Monday, December 15, 2014

The Best Taquito Recipe by JB



Mexican, always a fav of mine!! First off the filling can be varied a hundred different was. Always best is to slow cook some seasoned pork shoulder or butt with onion, cumin, garlic, black pepper, crushed red pepper and salt. This can even be done in a crock pot and it is fantastic. Also of course you can use a pot roast and crock pot it, using all your favorite Mexican seasoning, just do everything low, slow, and at least overnight.

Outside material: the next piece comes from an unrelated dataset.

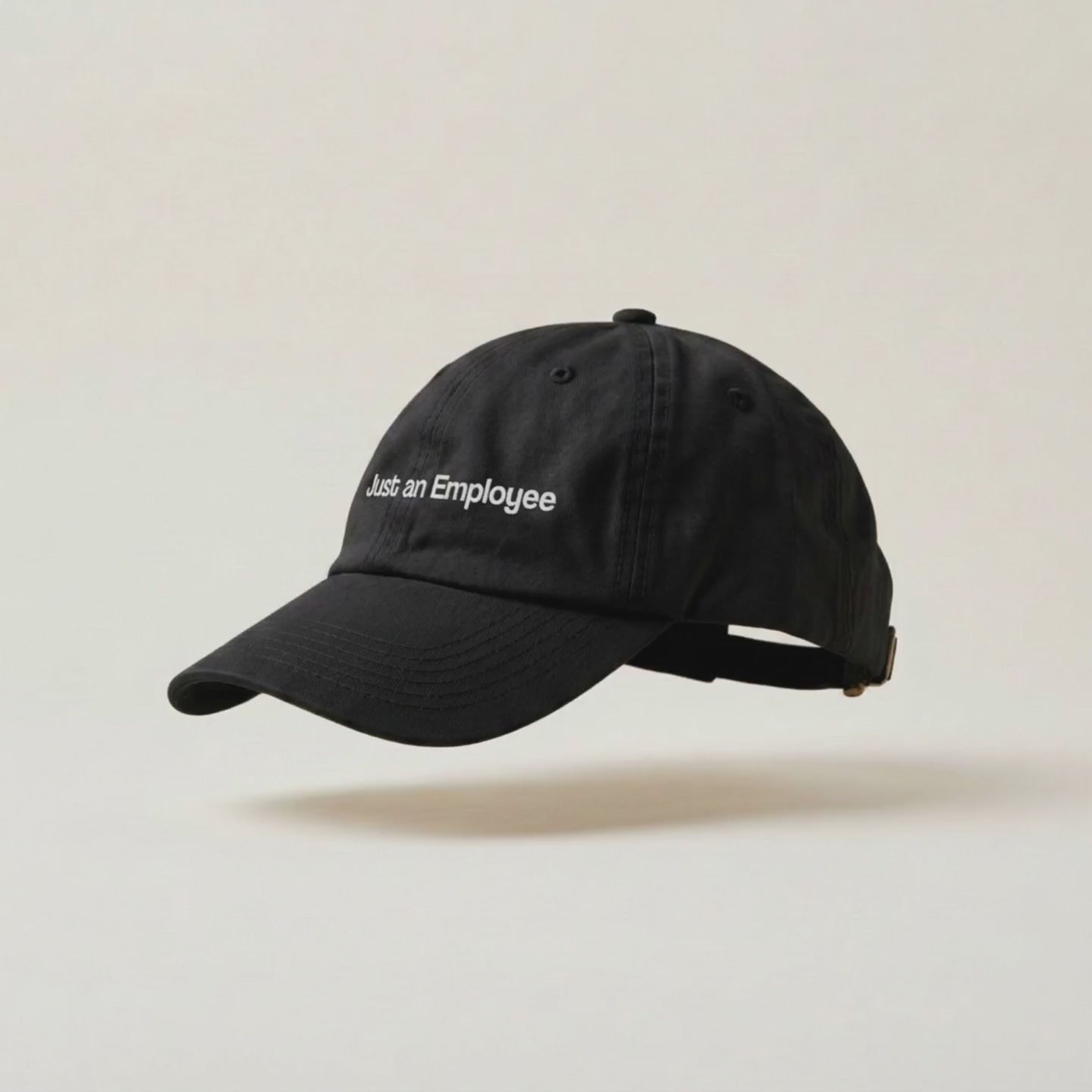Video: the Just an Employee black cap turning slowly on a cream studio backdrop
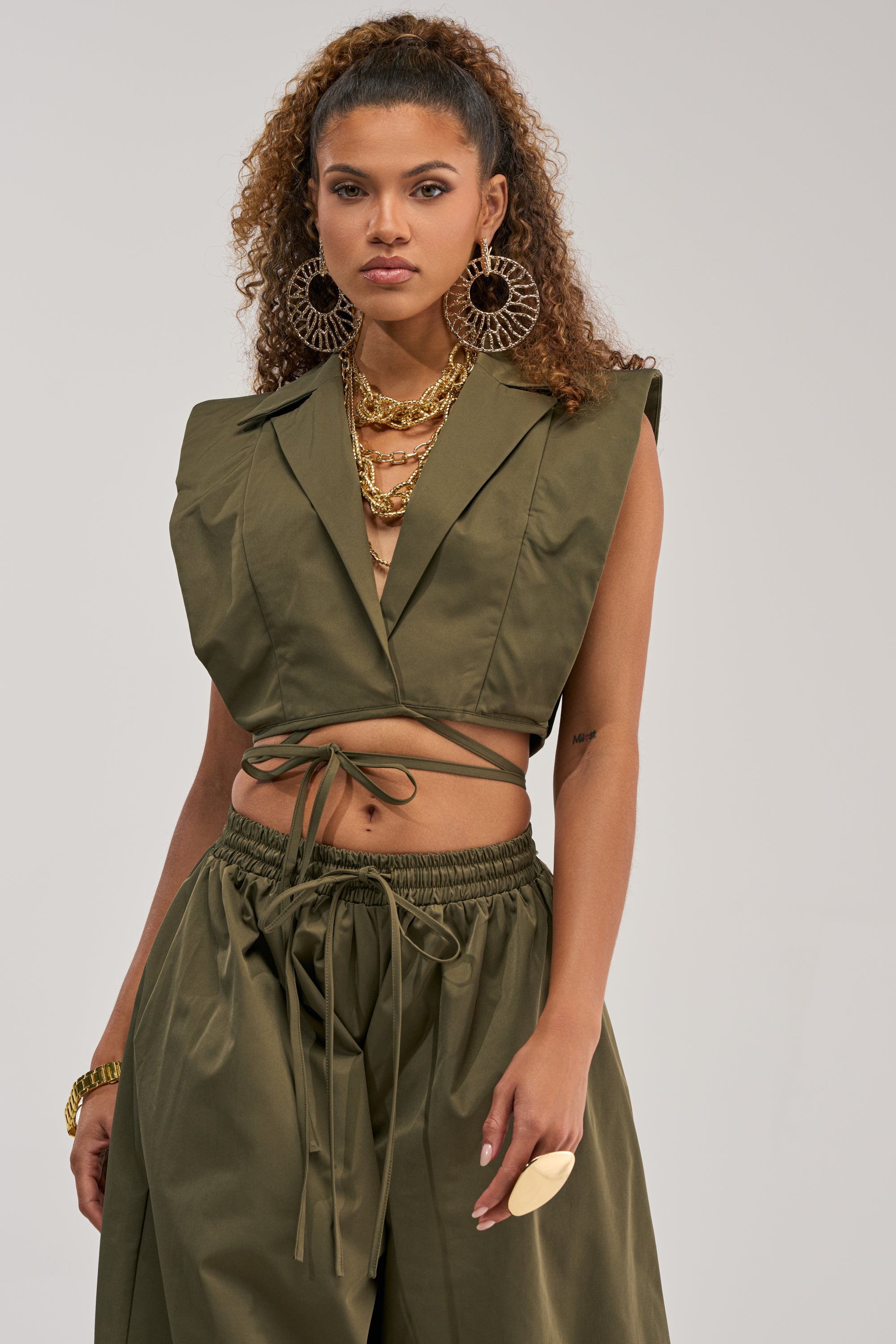A woman with curly hair wears the GUESS WHO VNECK COLLARED BLOUSE IN OLIVE and matching wide-leg pants, styled with hoop earrings, layered gold necklaces, a chunky bracelet, and a statement ring.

Fillings can also include seafood like shrimp or meaty fish like Rockfish or Red Fish. Lobster is also good and imitation sea legs are not a bad substitute for this dish. My favorite is to prepare a combination of surf and turf Taquito’s, that is sure to bring smiles from everyone.

Veggie Taquitos are also wonderful! Bean and cheese is great as well as seasoned jalapeño. All good to use as filler.

Cheese? What ever you like. I like it all but have no problems with simple extra sharp cheddar. This has always been a favorite of mine as well as Monterey jack. Use what ever you like.


While the fillers can range greatly depending on what your preference is, there some basic instructions that are going to be the same regardless of the filling. Here is a quick, “Must Do” in Taquito prep.

Fresh Veggies: Fresh spring onion and romaine lettuce for plating, & cilantro.

Tortilla: CORN ONLY! Never Flour. Yellow corn if you can find it, white is ok as well.

Cilantro Salsa: You can look this up and vary how you like. However my main ingredients are canned tomatoes then hand crush, fresh garlic, garlic powder, crushed red pepper, one bunch of fresh cut cilantro, cut spring onions, black pepper, sea salt, soy oil, red wine vinegar, chopped jalapeño, water, chopped parsley and tomato sauce.

Oil: fresh canola or canola olive oil mix.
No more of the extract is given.